* _The input_
--

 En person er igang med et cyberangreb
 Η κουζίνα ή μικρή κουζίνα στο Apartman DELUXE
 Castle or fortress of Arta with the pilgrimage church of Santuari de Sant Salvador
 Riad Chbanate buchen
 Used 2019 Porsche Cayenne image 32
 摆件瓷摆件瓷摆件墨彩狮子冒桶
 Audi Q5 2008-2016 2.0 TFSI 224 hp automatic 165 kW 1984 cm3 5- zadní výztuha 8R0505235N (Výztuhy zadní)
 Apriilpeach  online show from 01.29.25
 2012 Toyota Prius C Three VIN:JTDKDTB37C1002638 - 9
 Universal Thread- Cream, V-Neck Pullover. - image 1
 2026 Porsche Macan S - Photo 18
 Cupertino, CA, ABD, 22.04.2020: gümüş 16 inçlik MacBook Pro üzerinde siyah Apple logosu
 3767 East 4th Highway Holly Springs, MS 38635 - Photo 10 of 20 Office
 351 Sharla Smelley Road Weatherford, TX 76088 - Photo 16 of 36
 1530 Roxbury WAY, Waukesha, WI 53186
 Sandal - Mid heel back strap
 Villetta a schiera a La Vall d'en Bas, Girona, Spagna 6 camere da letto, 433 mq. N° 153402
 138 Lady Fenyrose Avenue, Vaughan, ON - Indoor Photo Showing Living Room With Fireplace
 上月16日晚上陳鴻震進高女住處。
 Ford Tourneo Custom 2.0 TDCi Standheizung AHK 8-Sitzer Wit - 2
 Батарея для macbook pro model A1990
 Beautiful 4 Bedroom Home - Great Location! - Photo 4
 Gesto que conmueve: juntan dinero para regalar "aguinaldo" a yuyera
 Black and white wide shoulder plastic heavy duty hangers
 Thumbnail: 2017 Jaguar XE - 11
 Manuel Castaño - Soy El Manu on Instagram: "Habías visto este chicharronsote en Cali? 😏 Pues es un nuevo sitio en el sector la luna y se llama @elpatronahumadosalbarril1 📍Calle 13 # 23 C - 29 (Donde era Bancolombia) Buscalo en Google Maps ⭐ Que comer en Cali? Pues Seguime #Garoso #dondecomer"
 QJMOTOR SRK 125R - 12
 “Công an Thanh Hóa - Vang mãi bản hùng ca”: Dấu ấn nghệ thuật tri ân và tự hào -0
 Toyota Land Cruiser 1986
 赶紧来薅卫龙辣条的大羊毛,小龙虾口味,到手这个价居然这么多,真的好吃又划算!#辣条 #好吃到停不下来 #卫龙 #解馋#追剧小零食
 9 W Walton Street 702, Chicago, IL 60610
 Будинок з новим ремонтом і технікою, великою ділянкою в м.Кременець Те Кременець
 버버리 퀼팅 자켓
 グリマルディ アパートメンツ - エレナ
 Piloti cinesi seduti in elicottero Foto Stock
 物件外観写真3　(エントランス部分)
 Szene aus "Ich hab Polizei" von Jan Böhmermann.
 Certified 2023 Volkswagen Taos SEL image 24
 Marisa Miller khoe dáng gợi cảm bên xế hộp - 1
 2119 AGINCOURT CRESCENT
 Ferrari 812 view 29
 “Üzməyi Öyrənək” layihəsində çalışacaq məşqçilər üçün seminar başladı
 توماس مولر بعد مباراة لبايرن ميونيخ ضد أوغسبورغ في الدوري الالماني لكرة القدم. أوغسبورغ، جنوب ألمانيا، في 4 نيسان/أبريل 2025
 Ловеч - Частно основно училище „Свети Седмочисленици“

--

* _Problem requirements_
The lines of the data, from the first through the one containing "Universal Thread- Cream, V-Neck", are to be transcribed exactly.

* _Answer section_
 En person er igang med et cyberangreb
 Η κουζίνα ή μικρή κουζίνα στο Apartman DELUXE
 Castle or fortress of Arta with the pilgrimage church of Santuari de Sant Salvador
 Riad Chbanate buchen
 Used 2019 Porsche Cayenne image 32
 摆件瓷摆件瓷摆件墨彩狮子冒桶
 Audi Q5 2008-2016 2.0 TFSI 224 hp automatic 165 kW 1984 cm3 5- zadní výztuha 8R0505235N (Výztuhy zadní)
 Apriilpeach  online show from 01.29.25
 2012 Toyota Prius C Three VIN:JTDKDTB37C1002638 - 9
 Universal Thread- Cream, V-Neck Pullover. - image 1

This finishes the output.